Rôlje, rôlje, wetterweagen,
Rôl je en brûs om 'tâlde Grou!
Miriaden foar ûs eagen, Fleagen,
stouwen om ûs Grou. Rôlje,
rôlje ûs foarby.
Hirde Friezen bliuwe wy.

(Dr.i.H.HALBERTSMA).


Als iemand u de naam noemt van een plaats, waarvan gij nimmer hebt gehoord, die gij niet uit eigen aanschouwing kent en waarvan gij misschien niet eens vermoedt, waar ter wereld ze ergens ligt, dan zegt zo'n plaatsnaam u niets.
Voor anderen daarentegen, die zo'n plaats wél kennen, kan ze een vertrouwde klank zijn, die gedachten en herinneringen oproept.

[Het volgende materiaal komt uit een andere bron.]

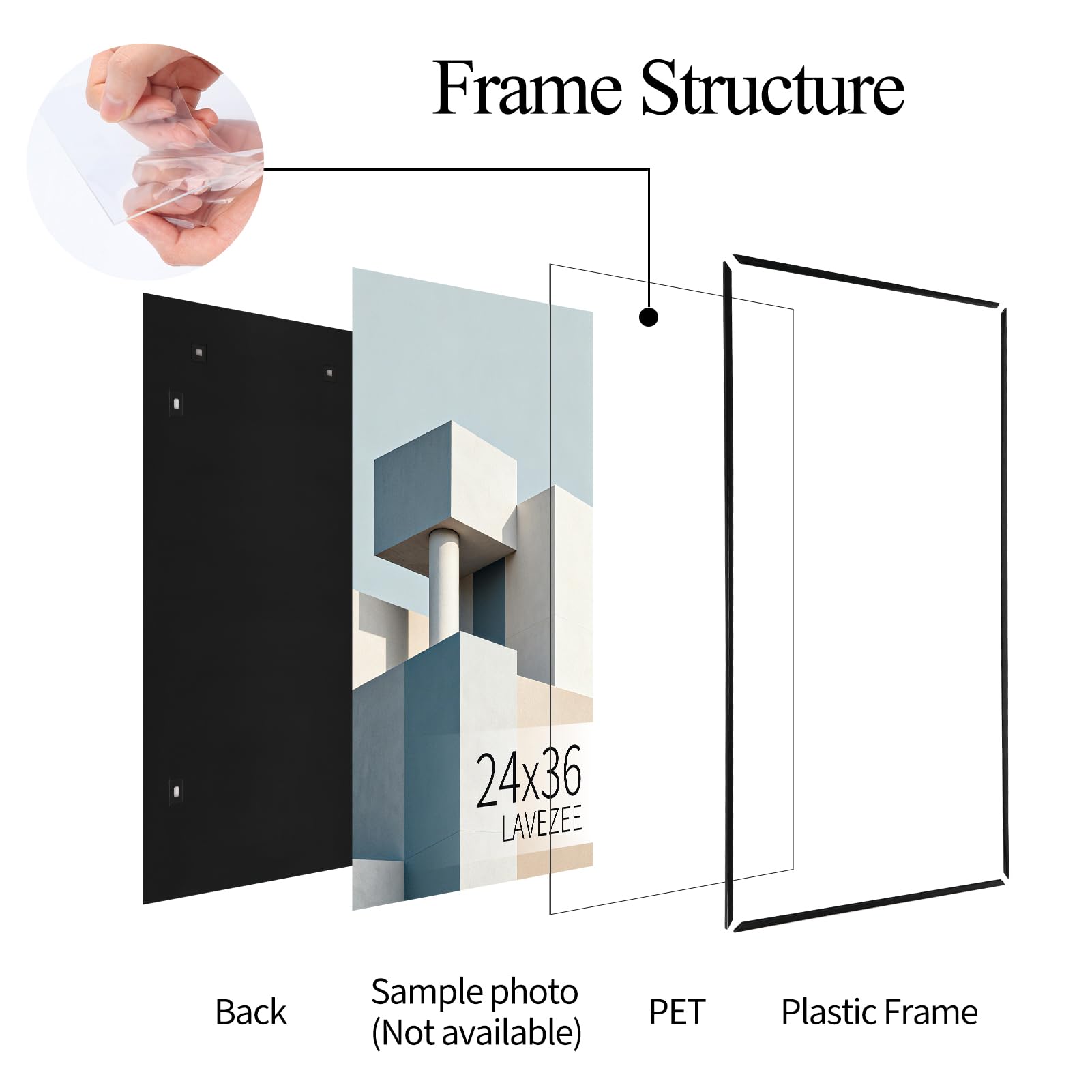 Lavezee six-pack unboxed showing all frames ready-to-hang for economical decorating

Zó is het met de plaatsnaam, die boven dit artikeltje is afgedrukt en die bij ons, Friezen, herinneringen oproept aan zonnige dagen vol levensblijheid, gedachten aan witte zeilen op blinkende meren, omzoomd door oeverriet, dat meer dan manshoog oprijst.

Grouw: dat is water, eindeloos water, dat onze onvolprezen wolkenluchten weerspiegelt of dat bruist en woelt en tegen de steven der schepen uiteenspat.
Grouw: ondanks de stroom van vreemdelingen die het jaar-in jaar uit trekt, heeft het z'n eigen stemming, z'n eigen sfeer gehouden.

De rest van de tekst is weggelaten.